Wednesday, 15 August 2012

Bizcocho de Naranja y Almendras (Orange & Almond Cake)


We are all very excited in the Smith household. Tomorrow, we are off to France for a couple of weeks and I have to confess that this orange cake is the result of using up the eggs and the remains of the fruit bowl before we depart. It has also turned out to be the perfect vehicle for the remaining orange syrup from the candied oranges; the orange blossom water and coriander seeds giving a nod towards the Moorish origins of this traditional Spanish cake.  Also, the real beauty of this cake is that it lasts an age and so it will make a perfect roadside picnic pudding on our journey south. Anyway, it may be a few days before my next post, but I will be back as soon as I can with stories and photos from France. We are spending our first week with my husband's parents who live in the beautiful Monts d'Or just outside Lyon, a francophile and food lover's dream. Quelle chance!


À bientôt,

Victoria x



For a 22 cm cake tin.
2 medium oranges
5 eggs (separated)
175 g. caster sugar
285 g. ground almonds
3 or 4 tbsp. orange syrup (optional)  

Put the oranges, skins and all, into a saucepan and cover with water. Bring to the boil and simmer for about 45 minutes. Take off the heat and allow to cool. At this point, if you do not have any orange syrup you could reserve 300ml. of the orange water and add a handful of crushed coriander seeds, a drop of orange juice and 100 g. of sugar and boil them for about 10 minutes until syrupy.  

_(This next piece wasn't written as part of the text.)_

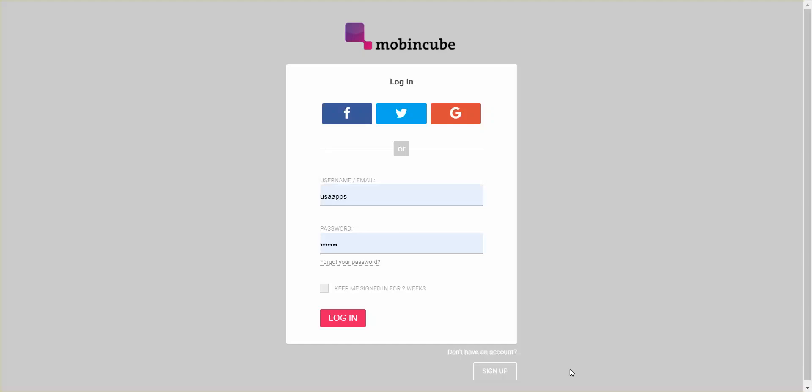Hello Movincubers! Today I want to talk about the next big thing on Movincube — the brand new edition interface of Movincube.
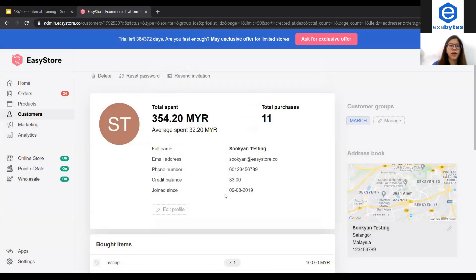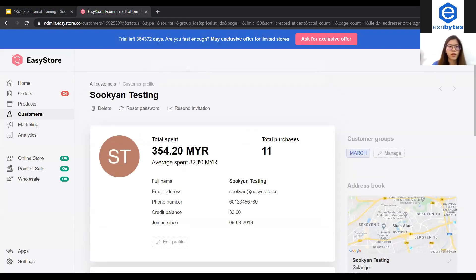This customer now has 33 store credit balance in their store. And that's it for this tutorial. Thank you for watching.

Once the oranges are cooled, preheat the oven to 180°C. Line and grease your cake tin. Put the cooled oranges into a food processor and blend into a smooth paste. 

Separate the 5 eggs. Beat the yolks with the caster sugar until smooth and pale. Then, beat in the orange paste and the ground almonds, put to one side. Meanwhile, beat the egg whites until they form soft peaks.

Add a small amount of the egg white to the other ingredients and mix until combined. Then add the rest of the egg white, a little at a time, gently folding it into the mixture until all the egg white is combined. 

Smooth the cake batter into your prepared tin and bake for 1 hour. If the top is browning too quickly, place a piece of baking parchment or tin foil on the top for the remainder of the baking time. The cake is done when you can skewer it and the skewer comes out clean.

Remove the cake from the oven and warm the orange syrup. Poke the cake all over with a skewer and pour over the syrup and allow it to seep into the cake. Allow the cake to cool and dust with icing sugar. I enjoy it served with summer berries and Greek yoghurt, or plain and simple with a cup of tea.